Session II.2 - Continuous Optimization
Poster
The rank-relaxed optimization landscape for orthogonal group synchronization on a general graph
Andrew McRae
EPFL, Switzerland - This email address is being protected from spambots. You need JavaScript enabled to view it.
To overcome nonconvexity in quadratically constrained quadratic programs (QCQPs), it is common to relax. Typical SDP relaxations square the dimension of the problem. Burer-Monteiro relaxations give more control over the dimension increase, but general guarantees typically still require a superlinear increase in dimension. Yet, for some problems, when the data is sufficiently structured, it is observed that merely doubling or tripling the dimension is sufficient to dissolve all bad local minima. We show this formally for special settings in synchronization of rotations, with connections to simultaneous localization and mapping (SLAM) in robotics and to synchronizing oscillators in the Kuramoto model.
Specifically, we consider the estimation of $r \times r$ orthogonal matrices $Z_1, \dots, Z_n$ from relative measurements of the form $R_{ij} \approx Z_i Z_j^T$ for $(i,j)$ corresponding to the edges of a connected graph $G$. The least-squares estimator can be expressed as a QCQP $\max_{Y \in \mathbf{R}^{nr \times r}}~\langle C, Y Y^T \rangle$ subject to $Y_i Y_i^T = I_r$ for each $r$-row block of $Y$. For $p \geq r$, the rank-$p$ relaxation of this problem allows $Y \in \mathbf{R}^{nr \times p}$, which makes the above problem an optimization program over a product of $n$ Stiefel manifolds.

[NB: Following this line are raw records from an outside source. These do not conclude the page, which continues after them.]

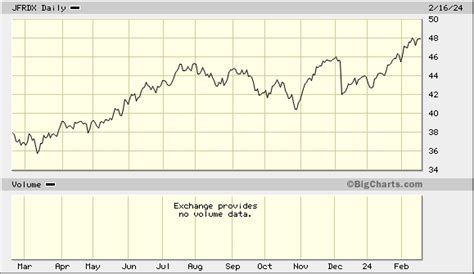 jfrdx stock|janus 40 stock price today.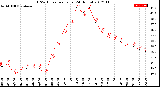 Milwaukee Weather THSW Index<br>per Hour<br>(24 Hours)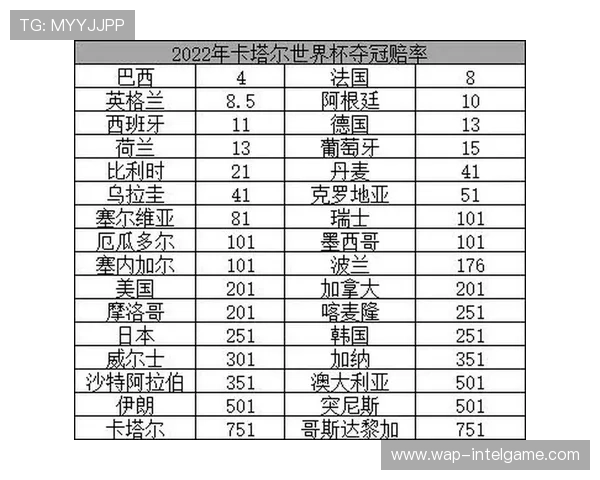 乐彩客足球为世界杯期间的投注用户提供专业的赔率分析与风险提示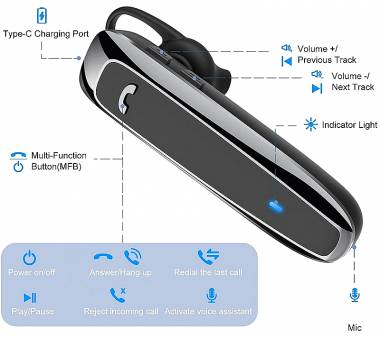 Ασύρματο ακουστικό Bluetooth - F8 - 060033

We show that, in the noiseless case, the rank-$p$ relaxation has no spurious local minima and yields an exact solution to the original rank-$r$ problem whenever $p \geq r+2$. This is optimal for general graphs; the best prior results require $2p \geq 3(r + 1)$. Furthermore, we prove that the absence of spurious local minima is robust to measurement error, where the amount of error tolerated depends on the relaxation rank $p$ and the spectral properties of $G$.
Joint work with Nicolas Boumal (EPFL, Switzerland).